Associated Press (10.28.03)::Jeffrey McMurray
In the Senate on Tuesday, no member objected when Sen. Jeff
Sessions (R-Ala.) proposed amending a foreign aid package to
ensure that at least $75 million from the global AIDS bill would
go toward the problem of unsafe medical injections in Africa.
Sessions had been concerned that health officials wanted to use
nearly all of the $15 billion in the AIDS bill to curb sexual
transmission of the disease.
Sessions said conservative estimates show that as many as
1,000 people a day in Africa die from unsafe medical treatment.

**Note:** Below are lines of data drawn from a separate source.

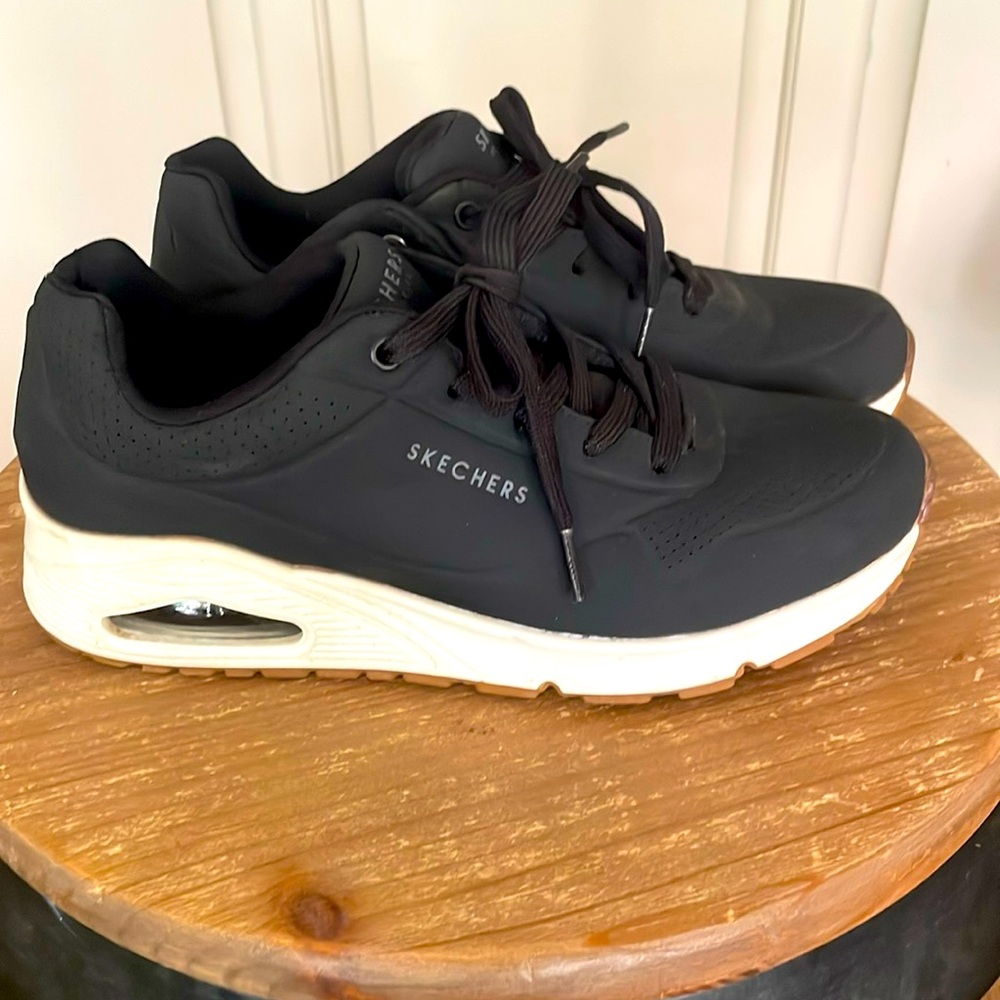 Sketchers memory foam shoes 9.5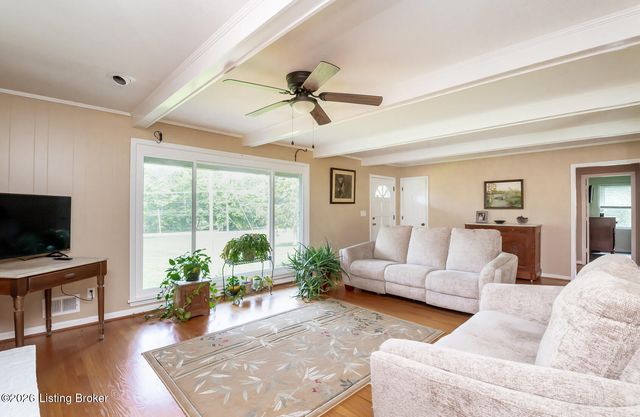 3519 Chenoweth Run Rd, Louisville, KY 40299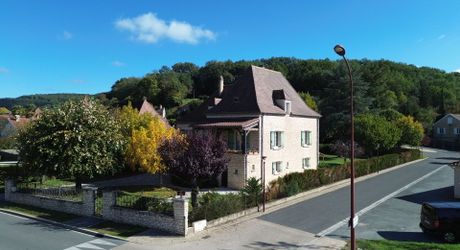 Maison en pierre rénovée avec jardin, appartement indépendant et garage – Commerces à pied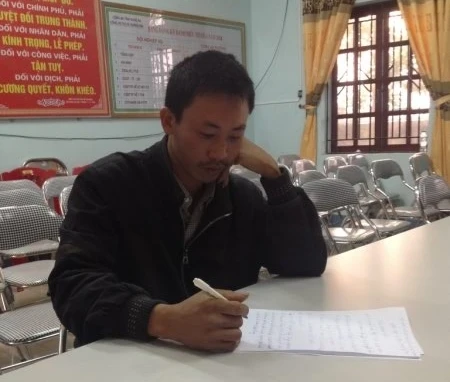 Tại cơ quan công an Nguyễn Văn Lập khai nhận mình chỉ là người chở thuê cá thể hổ. Ảnh: Nghĩa Đàn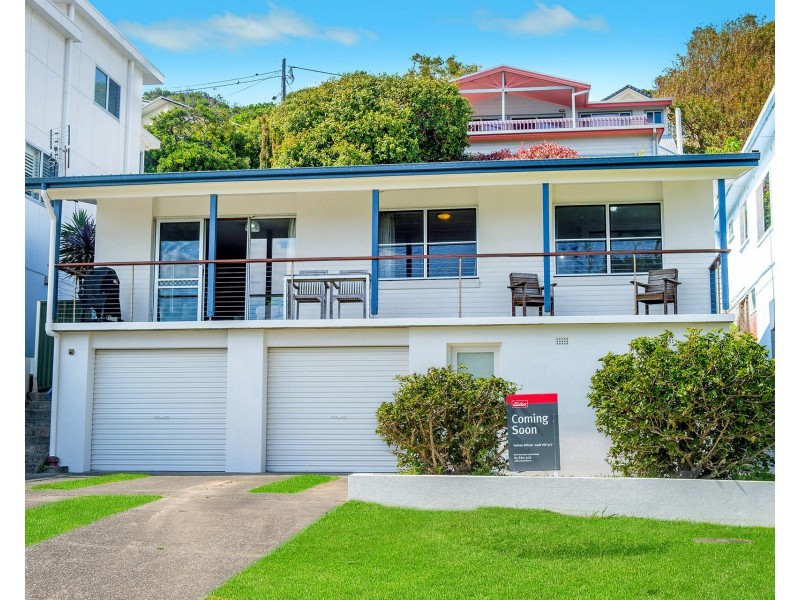 6 Stewart Street, Crescent Head NSW 2440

Sessions said his amendment, which would be one of the few
mandates from Congress on how the Bush administration should
spend the AIDS money, "could save hundreds of thousands of
lives."
Sessions said he is convinced the World Health Organization
has long underestimated the percentage of African HIV cases
caused by tainted injections and transfusions. While WHO has
assumed 2.5 percent of the cases are medical in nature, most
studies show it to be much higher - above 40 percent in at least
two. The conflicting research has created division among experts,
even within WHO. Some want to direct money toward syringe
distribution and blood safety; others fear this would dilute the
focus on unsafe sex, which is largely undisputed as the lead
cause of AIDS in Africa.
Sessions contends the $15 billion bill, which President Bush
signed in May, should focus on both causes. Under his proposal,
at least $46 million would be spent on blood safety, and $29
million on injection safety.
Because there was no roll call vote, it is unclear how many
senators realized what the amendment would do. The House has
already approved its version of the foreign operations bill;
Sessions' amendment could face challenges when negotiators come
together to resolve differences.
"AIDS Program Director Says the State Must Do More"
Associated Press (10.27.03)
Karin Mongeon, North Dakota's AIDS program manager, said the
state must step up efforts to fight the disease, given changing
attitudes and a growing methamphetamine problem. "When you look
at what we are doing here, we are behind other states," she said.
The state has the lowest number of HIV/AIDS cases per capita
in the country, with 312 cases and 117 deaths reported over the
last 18 years. An average of 17 new cases are reported annually.
North Dakota receives more than $1 million per year for
prevention and surveillance from the federal government. One-
fourth of the money goes for housing and medical assistance for
low-income patients. Surveillance receives $60,000, including
testing and partner identification, while $727,000 per year pays
for prevention including advertisements, a Web site and a toll-
free information line. A prevention-planning group works with the
state to allocate the prevention budget. The group includes gay
men, heterosexuals, people with HIV/AIDS and state-level
prevention workers.
Complacency due to new drug therapy, coupled with
conservative attitudes and inadequate funding, cripple aggressive
efforts to stem the spread of the virus, according to Mongeon and
Stephen McDonough, state epidemiologist.
Another concern for health officials is a possible increase
in AIDS cases due to a rise in methamphetamine use. In the last
five years, according to state data, there was a 7 percent
increase in the number of people infected with HIV/AIDS because
of intravenous drug use.
"As far as education, we have a long way to go," said Steve
Wagendorf, an HIV-positive man on the state's prevention board.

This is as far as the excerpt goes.